Adding resize(PadOp) vectorization analysis - Githubissues

NVIDIA / Fuser

A Fusion Code Generator for NVIDIA GPUs (commonly known as "nvFuser")

Other

271 stars 53 forks source link

Adding resize(PadOp) vectorization analysis #3321

Closed jjsjann123 closed 1 week ago

jjsjann123 commented 3 weeks ago

Adding conditional support of reszie in vectorization analysis. This PR allows vectorized load on PadOp directly without using cache load. This PR improves performance of generated kernel.

What's in this PR:

Add propagation rule for resize in vectorization analysis. The propagation rule works as: i. For supported resize: a). project the resize op to the frontier and clear (frontier.begin(), resize_position); b). add projected extent of the new resize op as gcd(id_from, resize_op->leftExpand(), resize_op->rightExpand) ii. For unsupported resize: clear [frontier.begin(), resize_position]; no behavior change.
updating TensorView::cacheAfter to opt-in a set of uses to cache while leaving other uses unchanged. Necessary for cases where inputs are used by PadOp as well as other operation that relies on cached load for vectorization.

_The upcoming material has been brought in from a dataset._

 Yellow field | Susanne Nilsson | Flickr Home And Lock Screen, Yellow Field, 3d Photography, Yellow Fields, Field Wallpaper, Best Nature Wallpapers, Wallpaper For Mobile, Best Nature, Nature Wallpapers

Follow up to #3261. Work for supporting rope performance. design doc:

jjsjann123 commented 2 weeks ago

!test

jjsjann123 commented 2 weeks ago

~hmmm. this one isn't functional yet. The vectorize factor isn't computed correctly.~

nvm, had a small typo there. I should really add vectorize factor check in tests first.

Note for myself, still a couple test not working properly: PadAndCacheUses - validation fails here. VectorizePadNonInnermost - vectorization factor is using 4 and the kernel runs correctly. Maybe my own understanding isn't correct. double check the kernel.

jjsjann123 commented 2 weeks ago

!test

naoyam commented 2 weeks ago

!test --pybench

naoyam commented 2 weeks ago

Initiated testing with python benchmarks just in case.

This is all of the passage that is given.